Hampel will das Ausmaß der Katastrophe keinesfalls verharmlosen: "Es ist wie im Krieg. Die Regierung entzieht 100.000 Leuten das Zuhause und muss ihnen sagen: Ihr werdet wohl nie zurückkehren können." Radioaktives Cäsium mit einer Halbwertszeit von etwa 30 Jahren wird dafür sorgen, dass weite Landstriche über 300 Jahre lang unbewohnbar bleiben.

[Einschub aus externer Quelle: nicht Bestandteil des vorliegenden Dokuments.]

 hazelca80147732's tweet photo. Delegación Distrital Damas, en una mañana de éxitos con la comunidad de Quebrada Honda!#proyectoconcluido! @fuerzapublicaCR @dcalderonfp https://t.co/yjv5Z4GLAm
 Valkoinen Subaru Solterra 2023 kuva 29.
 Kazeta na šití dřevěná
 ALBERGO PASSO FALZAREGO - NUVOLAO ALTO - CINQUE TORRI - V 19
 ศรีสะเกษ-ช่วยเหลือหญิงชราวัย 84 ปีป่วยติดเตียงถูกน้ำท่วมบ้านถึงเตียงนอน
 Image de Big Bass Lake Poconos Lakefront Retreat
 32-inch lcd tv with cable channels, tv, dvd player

"Wenn Sie mich fragen: Sind Sie für oder gegen Atomkraftwerke? - Ich könnte es gar nicht sagen", so Hampel nachdenklich. Drei Aspekte machen ihr Sorgen: "Die Endlagerung, die langfristigen Folgen eines Unfalls und der menschliche Faktor." Letzteres treibt sie besonders um. Seit Jahren schon arbeitet Hampel im Direktorium des Fachverbands für Strahlenschutz e.V. und kümmert sich dort um den Bereich Nachwuchsförderung. "Wir brauchen junge Leute, die sich dafür interessieren. Gerade wenn wir unsere Atomkraftwerke jetzt zurückbauen, ist Fachkenntnis in Sachen Strahlenschutz nötiger denn je."

Radioaktivität mit Respekt begegnen

Nun ist Hampel selbst Betriebsleiterin eines Forschungsreaktors. Wie steht es um den? Die Fragen zum deutschen Stresstest wurden für den TRIGA beantwortet, die Antwort steht noch aus. Eine Betriebstemperatur von 250 Grad Celsius kann er nicht übersteigen. Bei Fukushima lagen die kritischen Werte etwas unter der 2.000-Grad-Marke. "Unser Reaktor ist vollkommen beherrschbar", sagt Hampel. Unter anderem arbeiten hier Wissenschaftler an der Verbesserung von Solarzellen. Zauner führt regelmäßig Schulklassen durch die Anlage, denen er sein Credo vermittelt: "Ihr müsst Radioaktivität mit Respekt begegnen, aber nicht mit Angst."

Die Angst habe viel Schaden angerichtet. "Die Medien ließen uns keine Zeit, genau zu schauen, zu analysieren", kritisiert Hampel. Das Symposium soll ein Schritt in die richtige Richtung sein, eine Gelegenheit zur rationalen Einschätzung. Denn Fachleute wie Hampel fragen sich längst: "Sind wir als Mensch dieser Technik gewachsen?"